━━━ DATA LISTING

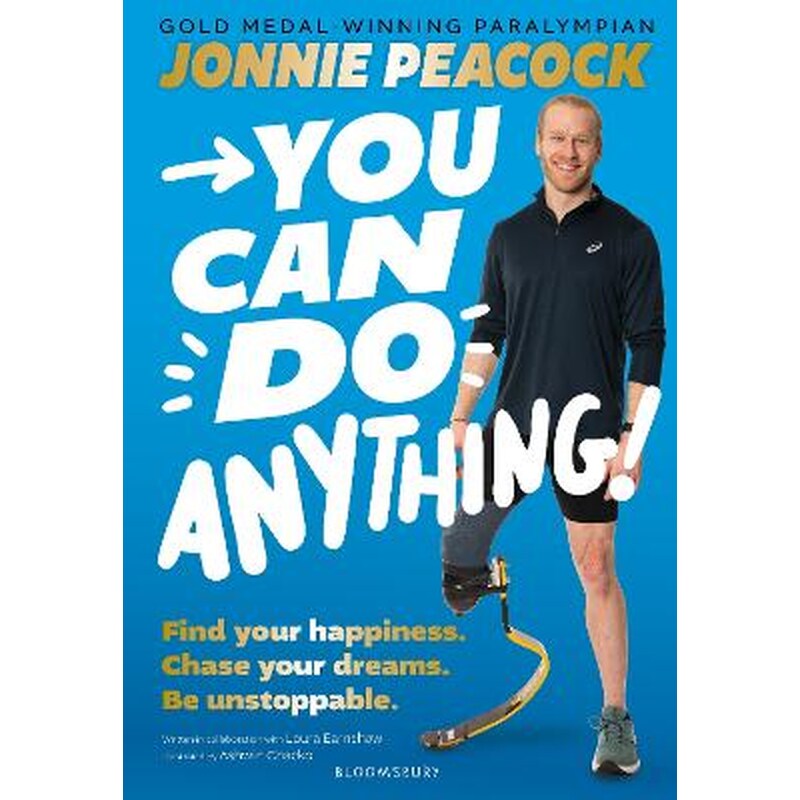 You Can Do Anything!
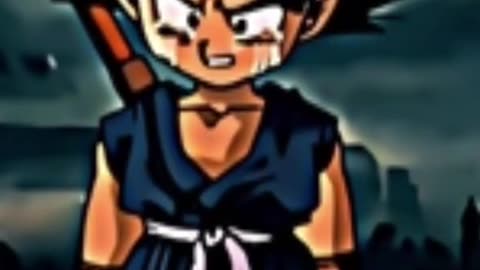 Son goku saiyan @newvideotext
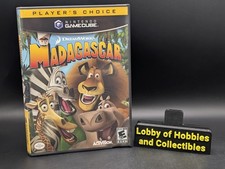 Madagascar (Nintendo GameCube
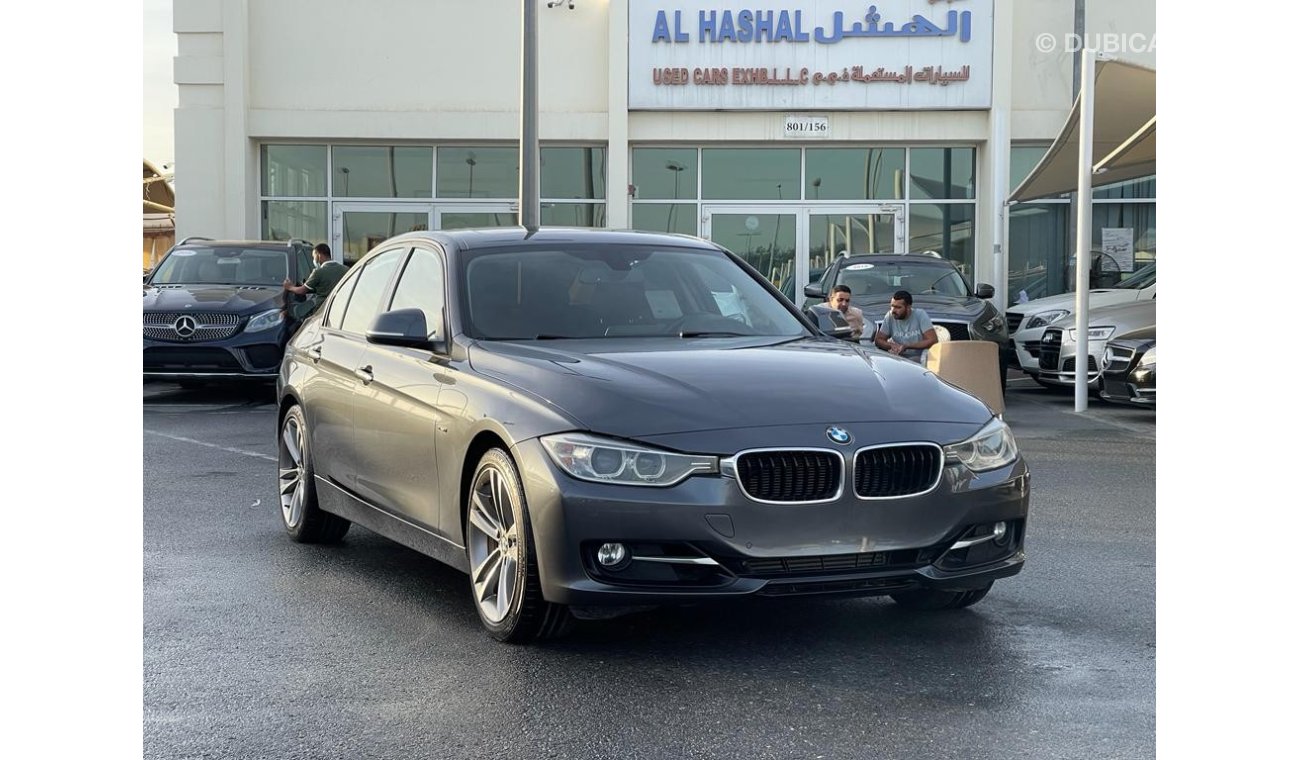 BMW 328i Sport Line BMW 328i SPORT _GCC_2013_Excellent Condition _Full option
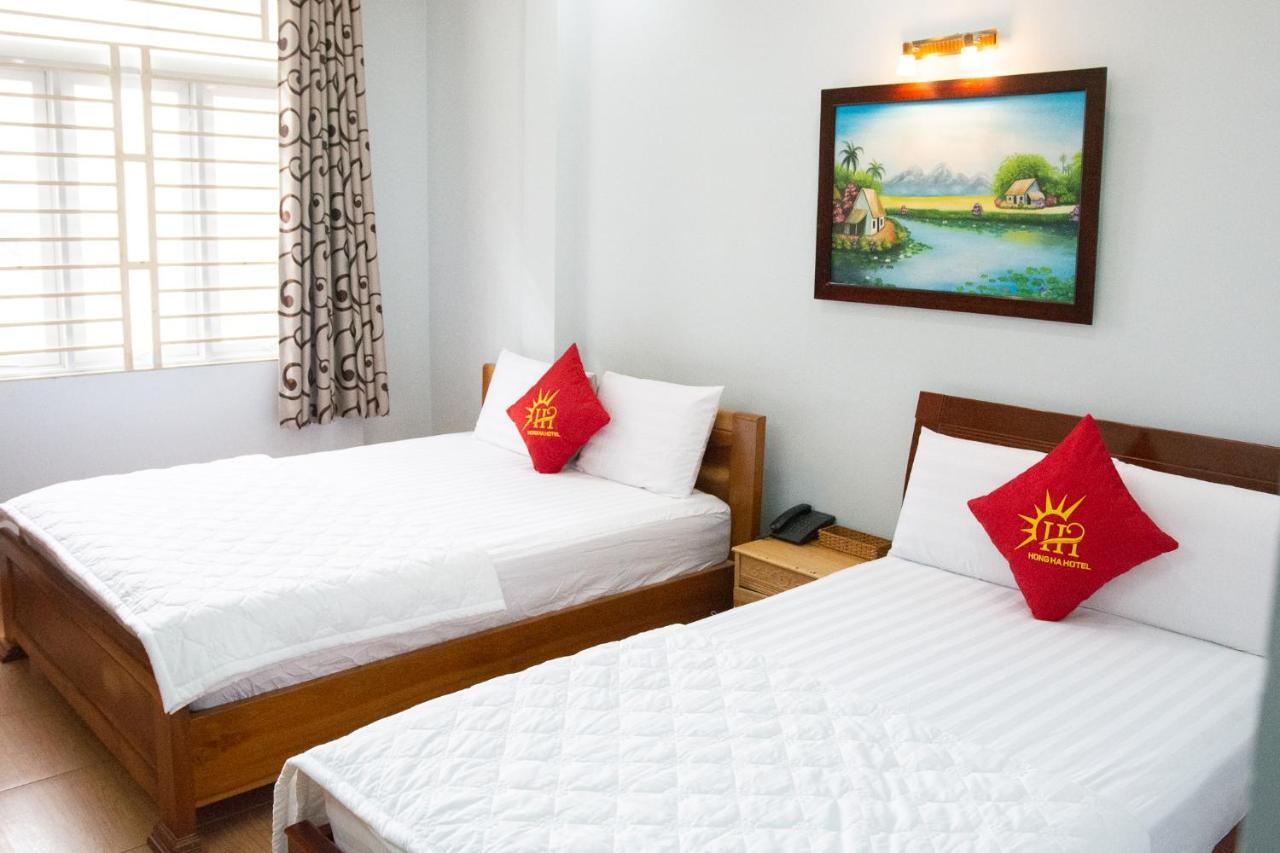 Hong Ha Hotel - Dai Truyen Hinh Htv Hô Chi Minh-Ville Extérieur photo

━━━━━━

--- ABOUT THIS EXERCISE ---
Only the lines from the one with "Son goku saiyan @newvideotext" to the end of the listing, both ends included, should be retyped exactly; no pictures belong in the copy.

--- YOUR RESPONSE ---
 Son goku saiyan @newvideotext
 Madagascar (Nintendo GameCube
 BMW 328i Sport Line BMW 328i SPORT _GCC_2013_Excellent Condition _Full option
 Hong Ha Hotel - Dai Truyen Hinh Htv Hô Chi Minh-Ville Extérieur photo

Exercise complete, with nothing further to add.